Estratto di dialogo generato da GPT-NeoX
Non c’è dubbio che il prodotto finale, una sceneggiatura di appena 60 pagine, se analizzato con spirito critico mostra molteplici limiti creativi e qualche errore tecnico. Infatti all’interno della narrazione generata da GPT-NEO si susseguono notevoli cliché: dopotutto, stiamo comunque parlando di una sceneggiatura scritta da un algoritmo, tra l’altro già obsoleto. Sfortunatamente, come testimoniato dagli estratti, la generazione della sceneggiatura madre de Il Diario di Sisifo è stata effettuata totalmente in inglese con una conseguente traduzione in lingua italiana (sempre per mezzo di sistemi di traduzione automatica a base di machine learning, eventualmente corredati da un controllo umano finale). La scelta obbligata è dipesa dalla non esistenza (allora) di modelli di IA in lingua italiana sufficientemente capaci nella generazione di contenuti. Tale squilibrio verso modelli anglofoni resta tuttora un limite profondo nella globalizzazione linguistica dei prodotti a base di IA.

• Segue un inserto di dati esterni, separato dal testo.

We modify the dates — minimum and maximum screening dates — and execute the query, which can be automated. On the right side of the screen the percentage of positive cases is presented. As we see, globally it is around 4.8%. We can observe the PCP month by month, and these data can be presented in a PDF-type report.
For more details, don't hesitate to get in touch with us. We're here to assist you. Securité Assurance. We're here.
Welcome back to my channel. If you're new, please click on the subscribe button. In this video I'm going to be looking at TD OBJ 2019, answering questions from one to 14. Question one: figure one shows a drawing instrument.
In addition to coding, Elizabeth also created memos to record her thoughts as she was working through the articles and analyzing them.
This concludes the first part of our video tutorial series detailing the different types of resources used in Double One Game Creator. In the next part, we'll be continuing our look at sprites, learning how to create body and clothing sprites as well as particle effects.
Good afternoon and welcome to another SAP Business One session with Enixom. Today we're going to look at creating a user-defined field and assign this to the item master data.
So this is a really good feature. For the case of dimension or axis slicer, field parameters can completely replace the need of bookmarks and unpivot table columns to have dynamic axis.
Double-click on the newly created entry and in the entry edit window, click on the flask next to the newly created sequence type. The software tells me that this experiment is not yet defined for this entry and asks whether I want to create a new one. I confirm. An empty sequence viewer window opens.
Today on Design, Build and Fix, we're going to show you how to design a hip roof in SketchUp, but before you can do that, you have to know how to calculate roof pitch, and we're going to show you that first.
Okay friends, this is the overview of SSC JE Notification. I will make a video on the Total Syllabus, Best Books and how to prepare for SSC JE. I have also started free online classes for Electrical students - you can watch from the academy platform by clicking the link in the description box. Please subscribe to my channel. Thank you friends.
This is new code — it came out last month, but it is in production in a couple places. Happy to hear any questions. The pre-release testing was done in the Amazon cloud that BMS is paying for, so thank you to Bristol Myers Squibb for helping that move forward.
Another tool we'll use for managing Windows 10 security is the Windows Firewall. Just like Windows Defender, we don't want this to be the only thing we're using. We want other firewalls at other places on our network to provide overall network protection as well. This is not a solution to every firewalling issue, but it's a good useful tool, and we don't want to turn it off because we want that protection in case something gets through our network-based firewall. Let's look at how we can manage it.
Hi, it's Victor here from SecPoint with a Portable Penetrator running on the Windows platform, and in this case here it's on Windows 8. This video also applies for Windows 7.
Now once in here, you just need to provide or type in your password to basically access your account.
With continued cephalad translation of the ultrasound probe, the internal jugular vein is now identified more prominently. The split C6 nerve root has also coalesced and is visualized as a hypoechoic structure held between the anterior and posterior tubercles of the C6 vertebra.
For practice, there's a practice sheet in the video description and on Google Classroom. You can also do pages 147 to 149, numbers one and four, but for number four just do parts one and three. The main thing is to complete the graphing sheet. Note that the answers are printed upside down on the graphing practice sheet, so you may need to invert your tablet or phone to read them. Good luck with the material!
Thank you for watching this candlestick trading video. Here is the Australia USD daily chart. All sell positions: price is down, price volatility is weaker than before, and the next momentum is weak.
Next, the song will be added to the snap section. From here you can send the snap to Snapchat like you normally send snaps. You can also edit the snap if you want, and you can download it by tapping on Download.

Si è anticipato precedentemente il problema dell’interpretazione registica del testo generato. Infatti, una volta appreso il metodo di generazione corretto, si potrebbe pensare che far scrivere la sceneggiatura all’IA sia la parte più facile mentre avrebbe richiesto fatica rispettarla nei minimi dettagli.
Che libertà prendersi? Come interpretare passaggi dubbi o imprecisi?
Poiché il testo è l’unica cosa a disposizione, il lavoro della regia, certamente nei limiti dell’estetica personale, è stato quello di proporre un’interpretazione quanto più fedele all’idea originale. Impegno che, prevedibilmente, ha richiesto spesso decisioni arbitrarie o compromessi. Mi sento costretto a sostenere che nel processo di traduzione cinematografica la mia sensibilità registica abbia dovuto fare i conti con delle immagini e una direzione ben precisa, imposta dal testo stesso. Sebbene l’opera sia inequivocabilmente passata attraverso il mio filtro cinematografico personale, essa resta il risultato di un dialogo con un’entità di difficile definizione. Ed è pertanto che fin dal primo concepimento dell’idea, già due anni fa con il cortometraggio Frammenti di Anime Meccaniche, l’ombra di una domanda si è affacciata nella mia mente e in quelle di ciascun collaboratore che ha seguito questa sperimentazione cinematografica: abbiamo davvero bisogno di film scritti da IA?
Se nella risposta a questa domanda cerchiamo una qualche riaffermazione dello spirito umano è chiaro che più che occupare risorse per la produzione di storie scritte da IA dovremmo utilizzare queste tecnologie per facilitare e democratizzare il processo cinematografico stesso, affinché tutti possano raccontare la propria storia. Da anni mi piace profetizzare la diffusione nell’industria dell’intrattenimento di contenuti generati ad personam, ovvero di film, serie e programmi le cui premesse, stile e specifiche siano arbitrariamente e personalmente scelte dal singolo spettatore che, armato di servizi generativi avanzati, diventa regista delle proprie storie. Una prospettiva che, come è facile immaginare, porta con sé un’altra grande famiglia di problemi sia economici e culturali.
Se, invece, abbiamo la pazienza e l’umiltà di riconoscere la natura combinatoria di questi modelli generativi, allora credo che vi sia spazio per un sano dialogo sull’effettivo valore artistico di questi primi esperimenti. Non c’è dubbio che la grande potenza di questi strumenti sia pari solo alla quantità e alla qualità dei mastodontici corpus di testi iniziali sulla quale sono stati allenati. Ed è qui che a mio parere troviamo la vera magia del processo, ovvero la possibilità di relazionarsi con una massa (dis)ordinata di idee e narrazioni senza precedenti, la possibilità di attingere a una fonte che in tutto e per tutto pare appartenere all’Assoluto.
In attesa che possiate giudicare il prodotto ultimo di questo esperimento, non posso che continuare a domandarmi cosa esso effettivamente sia.